Zug., 03.05.2019

"Life should be more than just working to make ends meet at the end of the month," says May Day speaker

As is usual on the occasion of 1 May, the Canton of Zug Trades Union Association invited a number of speakers to give a speech on Landsgemeindeplatz.

 

 

This year the speakers included Jerome Peter of the SP party, Julia Küng of the Young Alternatives, Sofia Zouhir of the Women’s Strike Association, and Andreas cantonal parliamentarian Lustenberger.

 

The first speaker was Peter, who has been a member of the greater city council of Zug since last year. “What needs to happen is a change in attitudes,” he said, by which he meant that there was more to life than continually striving for continual economic growth.

 

He did not think it was right that employees should get out of bed every day just to do a job to be able to make ends meet at the end of the month. “Life should be about more than this; it should mean having time for oneself, voluntary work, art and culture, getting involved in local societies and looking after (one’s own) children. Indeed, as he thus spake, some of those in the gathered assembly nodded in agreement.

 

In her speech, Julia Küng, a pupil at the Zug Cantonal School, felt that “More to Life”, the general theme of the day, meant more than equal opportunities for men and women and higher wages.

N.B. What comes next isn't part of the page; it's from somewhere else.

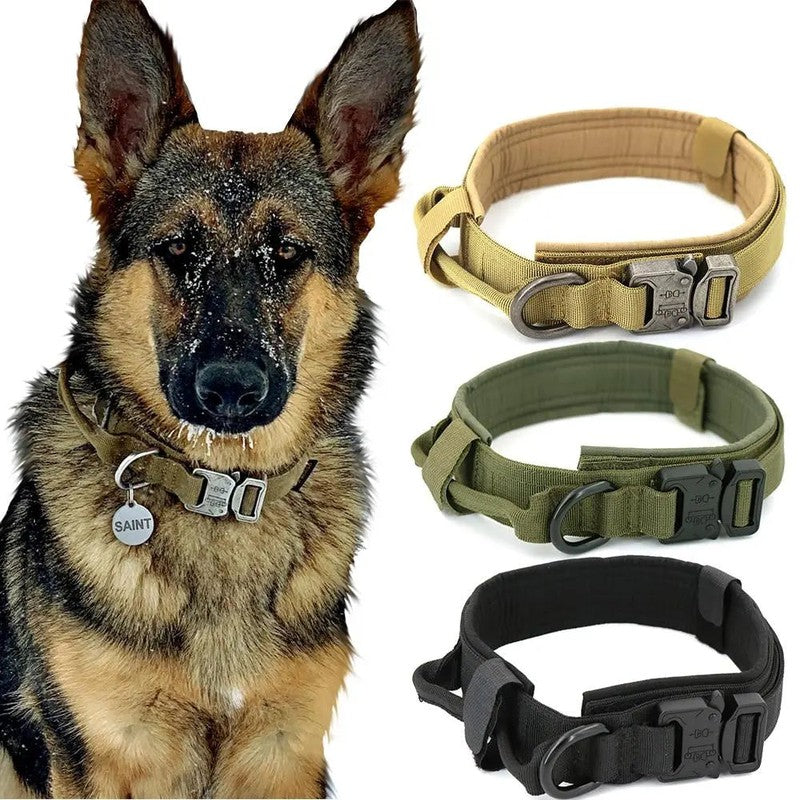 Fast Shipping Durable Military Tactical Dog Collar Teal Zeus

The 18-year-old is a member of the organising committee behind the Friday afternoon pupil demonstrations calling for more to be done to protect the environment. “The reason why so little is being done on this front is because those people in a position to decide things are not showing enough responsibility. They do not seem to realise how urgent the problems relating to the environment are,” she said, with the journalist who wrote this article, Vanessa Varisco, noticing how one could tell how strongly Küng felt about this by the way she spoke. Not only does she want to talk about such matters, she wants things to change. “It is the people who work in large companies, politicians and banks who are lining their pockets at the expense of the environment and future generations,” she insisted. “Those of us behind this youth environment movement are driven by deep-rooted concern, and anger, too,” she concluded.

 

Lustenberger, who is also the leader of the Alternative Green Party in the canton of Zug, agreed that more must be done to help the environment, the changes relating to energy needing to be implemented.

 

Not that the event on this delightfully sunny day was all serious talk and complaint, there was musical entertainment provided by the1 May Choir and a performance by local musician Troubadueli on the guitar and harmonica, with texts including humorous jibes at modern society, causing many of those gathered to smile.